I suppose I should really thank the movie for spinning such a simplistic tale, as it made it very easy to follow with my beginner's Hindi skills in the cool southern Mumbai multiplex I saw this film at. Sonu Sood was great as ever, and the songs were the soundtrack to the rest of my trip, but the positives kind of run out there. What bothered me the most was the absolutely relentless, inexcusable sexual harassment by the main character, portrayed as romantic. You could say this has become an Indian film trope, and especially following the movement to make India safer for women, this trope has been called out - films may just be films, but the women on India's streets who suffer sexual harassment every day of their lives do know the effect that portraying this trope as romantic has on society. It's been a while since I've seen such a blatant example of "eve-teasing" disguised as a romantic subplot. There isn't even the slightest hint of Sonakshi's Chanda liking the main character, and he invades her personal space, doesn't take "no" for an answer, and it's just so, so off-putting.

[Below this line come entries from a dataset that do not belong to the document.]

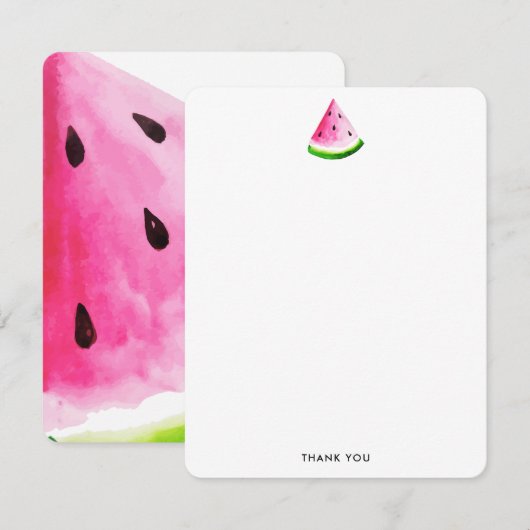Cool Trendy Waterverf Watermeloen Bedankkaart (Voorkant / Achterkant)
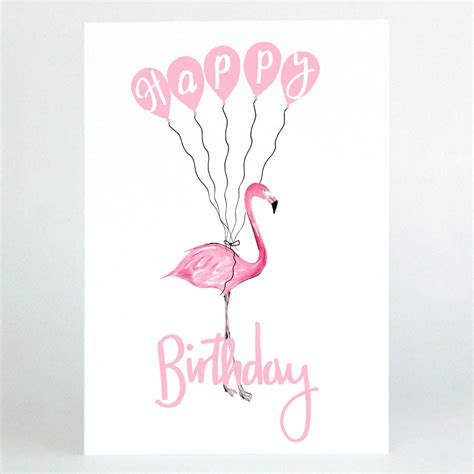 pink flamingo happy birthday card  ajcde notonthehighstreetcom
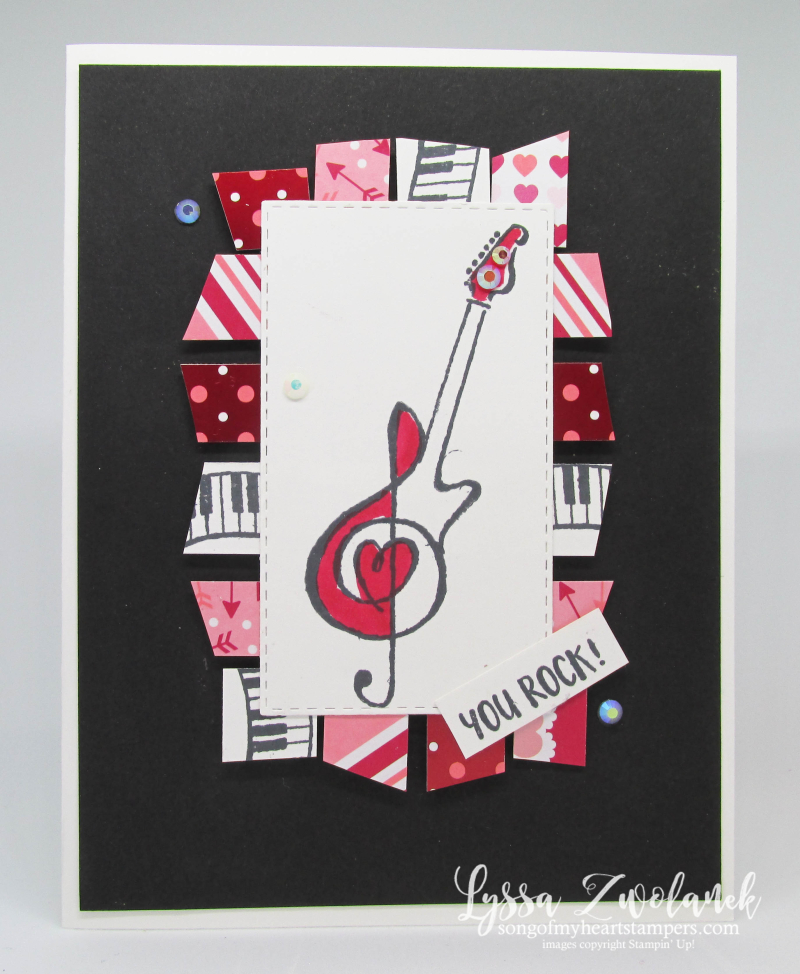 Music from Heart rock star rubber stamps Stampin Up tutorial valentine guitar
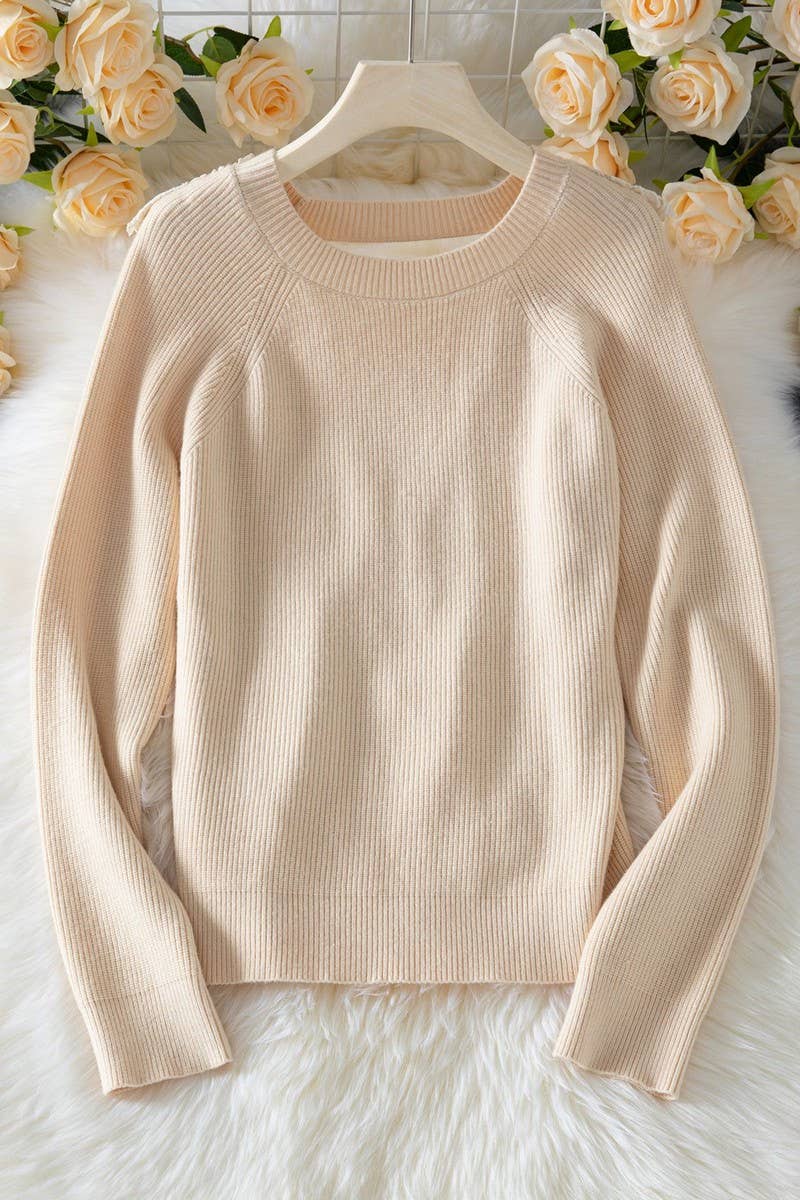 CWOSWL07420_SEXY LACE BACK KNIT LONG SLEEVE SWEATER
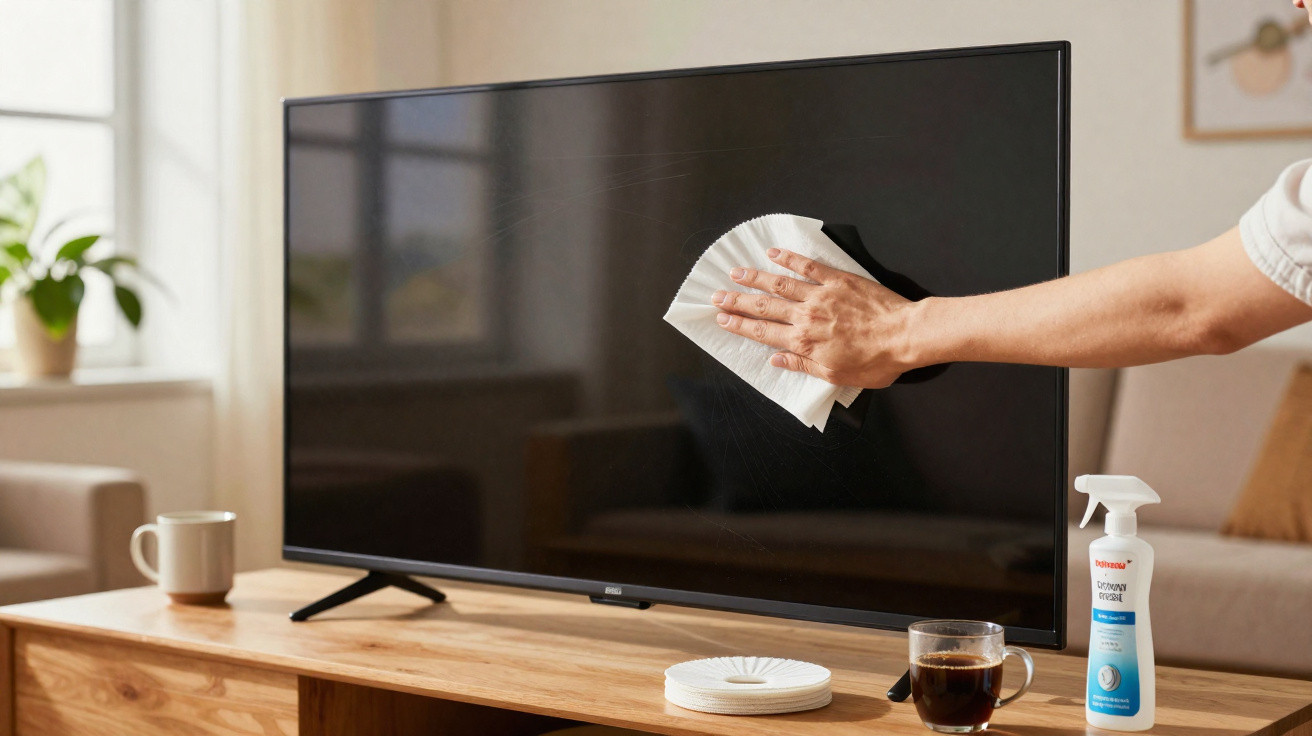 Person cleaning a flat-screen TV with a cloth using screen cleaner in a bright living room.
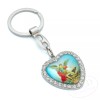 Archangel St Michael Keychain - Heart-Shaped Pendant with Inlaid Rhinestones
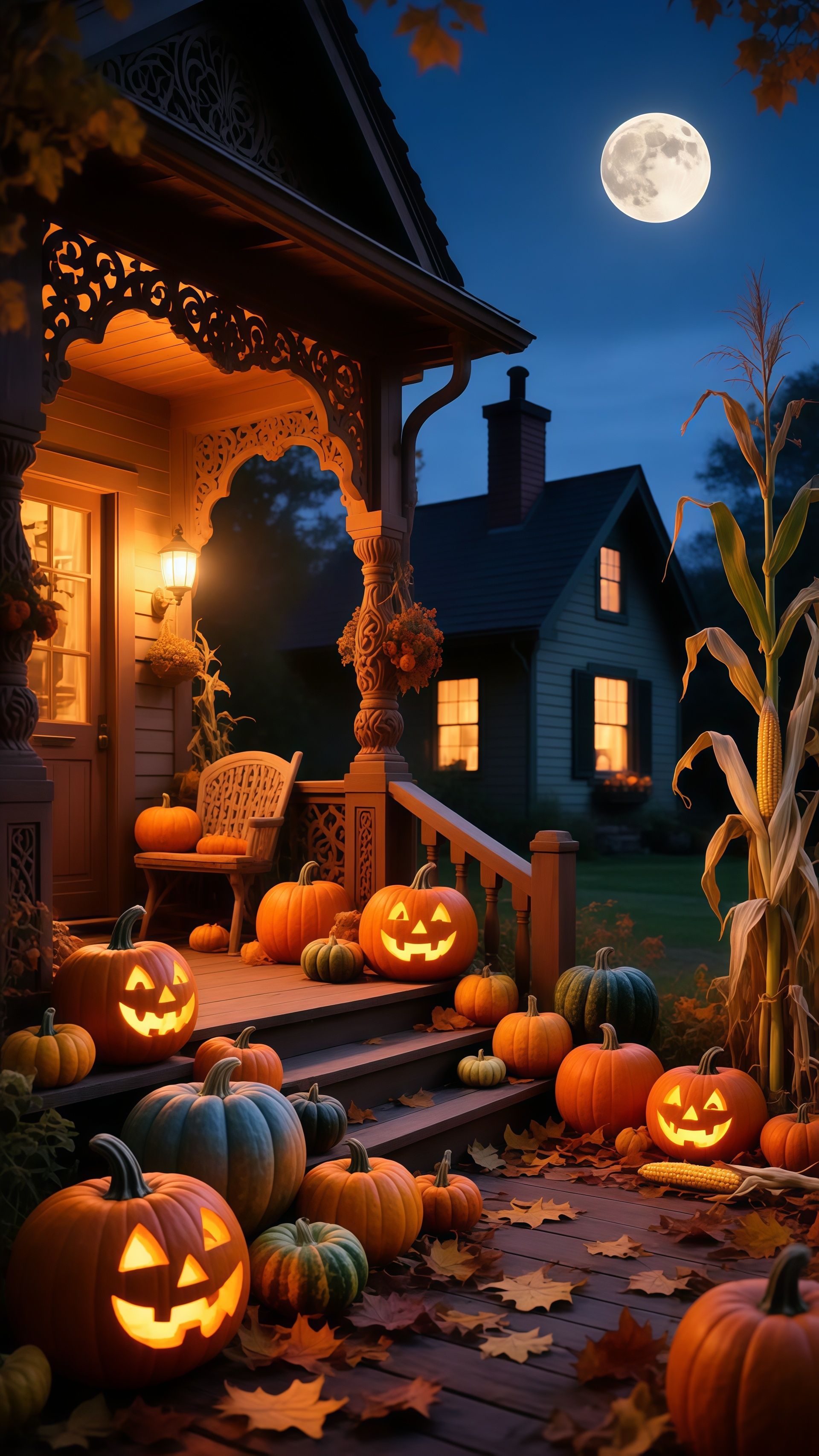 Spooky Halloween Pumpkins Porch Full Moon Wallpaper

It's also just completely unnecessary. Why can't she like this guy from the get go? Why can't they have meet-cute and then begin a bickering chemistry, which would largely serve the same function, but take away the icky issues with consent (she said no, so back off, buddy)? You could still have the songs, the arguments, even the slap scene that seems so pivotal, going by the times it's referenced back to.

I hate to turn my back on a guy I once listed as one of my top five directors, alongside such favourites as Manmohan Desai and Shankar, but I'm afraid it's come to this. I barely remember watching Rowdy Rathore, even though I know I did. This one didn't fare much better, though I still enjoy the soundtrack (and Ghandi baat is a song that will always be on my "India trip" playlist). If he insists on spicing his original films with these sorts of off-putting, regressive tropes, I'm just not interested - I like my action masala, but I also like a modicum of respect from the hero towards the heroine. This isn't a tall ask. It really isn't.

2 comments:

Anonymous said...

I am bummed to hear about how one-sided the romance is in this-Shahid/Sona seemed like a pretty workable jodi to judge by the previews, and something I respected about Wanted, NVND, Engeyum Kadhal (Prabhudheva's otherwise mediocre remake of Love in the Afternoon), and Rowdy Rathore was that he went to some pains to set up the idea that yes, the woman was just as into the guy as he was into her. (And even Rowdy Rathore held off on the stalkertastic parts until after the heroine had given some mixed signals of a "yes, I'm sort of interested, no I'm not going to be too overt about it" variety, rather than just having him chase her around after a flat no.)

I'm tempted to blame some of the stupidity on his producers on this one, but since IIRC it's the same set of people who are backing his movie with Ajay Devgn, I guess I shouldn't be too optimistic about that one either.

veracious said...

It was puzzling, but at the same time I do wonder whether something was lost in translation. My Hindi skills are good when it comes to parsing film dialogue, unless characters speak in poetic Urdu, but yeah, what I got from the dialogues and the mannerisms of everybody, it just seemed really uncomfortable.

I had a discussion on Twitter that Prabhudeva usually does better work when he doesn't write his own films or come up with the stories for them. He's made a niche for himself but ..I wish the films he's written so far were better. I used to be such a fan, gah.